The next day, Pacific Life sent a letter to BB & T, to Koczot’s attention, stating that it had “been advised by John Hancock Life Insurance Company (U.S.A.) that your Pacific Life Policy may be replaced,” and provided contact information should BB & T “decide to keep your existing policy and cancel your surrender request.”

Pacific Life also sent a letter to John Hancock, acknowledging receipt of the 1035 request. However, Pacific Life stated that the request was incomplete because Pacific Life “require[d] the signature *406 of a corporate officer for Branch Banking & Trust Company, as trustee to include title and corporate seal or notary.” This letter also stated that Pacific Life “will process the exchange effective the date the final requirement is received.” This requirement of a “title and corporate seal or notary” derives from the PL Policy’s requirement that a surrender request be a “written request” which is defined as “request in writing signed by you that is satisfactory to [Pacific Life] and filed at its Home Office.” It is Pacific Life’s position that because it did not have records containing Koczot’s signature, it needed the “title and corporate seal or notary” requirement in order to effectuate the 1035 Exchange, i.e. in order for the documents to be “satisfactory” to Pacific Life.

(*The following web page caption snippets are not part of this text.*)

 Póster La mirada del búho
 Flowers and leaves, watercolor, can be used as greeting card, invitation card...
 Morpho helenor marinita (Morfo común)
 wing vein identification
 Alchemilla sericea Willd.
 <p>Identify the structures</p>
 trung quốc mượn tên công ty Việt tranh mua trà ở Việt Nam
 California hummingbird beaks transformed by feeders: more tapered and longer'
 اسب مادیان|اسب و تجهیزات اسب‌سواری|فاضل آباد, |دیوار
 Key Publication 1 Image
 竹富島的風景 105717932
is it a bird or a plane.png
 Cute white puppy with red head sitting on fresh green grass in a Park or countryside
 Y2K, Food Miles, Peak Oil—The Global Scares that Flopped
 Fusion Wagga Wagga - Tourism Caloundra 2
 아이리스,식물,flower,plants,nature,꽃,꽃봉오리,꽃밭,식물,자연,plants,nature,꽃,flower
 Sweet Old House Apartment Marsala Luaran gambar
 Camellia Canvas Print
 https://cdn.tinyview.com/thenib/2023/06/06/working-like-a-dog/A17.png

On September 16, 2008, John Hancock sent an email to a BB & T employee, who was not involved in the 1035 Exchange, informing them of the additional requirement. The correspondence, which the district court correctly described as “cryptic,” stated that there are “Requirements Needed for Policy Issue” and stated: “A letter was sent to JH & rec’d on 9/16 requesting the officer’s signature either be notarized on the 1035 form or a Corporate Seal w/ the Officer’s signature & title.” The email also stated that these requirements would be needed to obtain the “1035 Funds.” Unfortunately, Arthur Swain Beard, who was responsible for the 1035 Exchange internally at BB & T, should have received the notification from John Hancock. He did not.

On October 1, 2008, BB & T personnel, including Koczot, contacted Pacific Life via telephone to inquire as to the status of the 1035 Exchange. During that phone call, Pacific Life informed Koczot of the signature/seal requirement. After the phone call, BB & T added a notary block and a corporate seal to Koczot’s signature in the 1035 Exchange Document.

BB & T did not immediately submit the 1035 Exchange Document containing the notarized signature of Koczot to Pacific Life. In the interim, BB & T also requested that Pacific Life process the surrender request as of the September 9, 2008 receipt date. Pacific Life refused.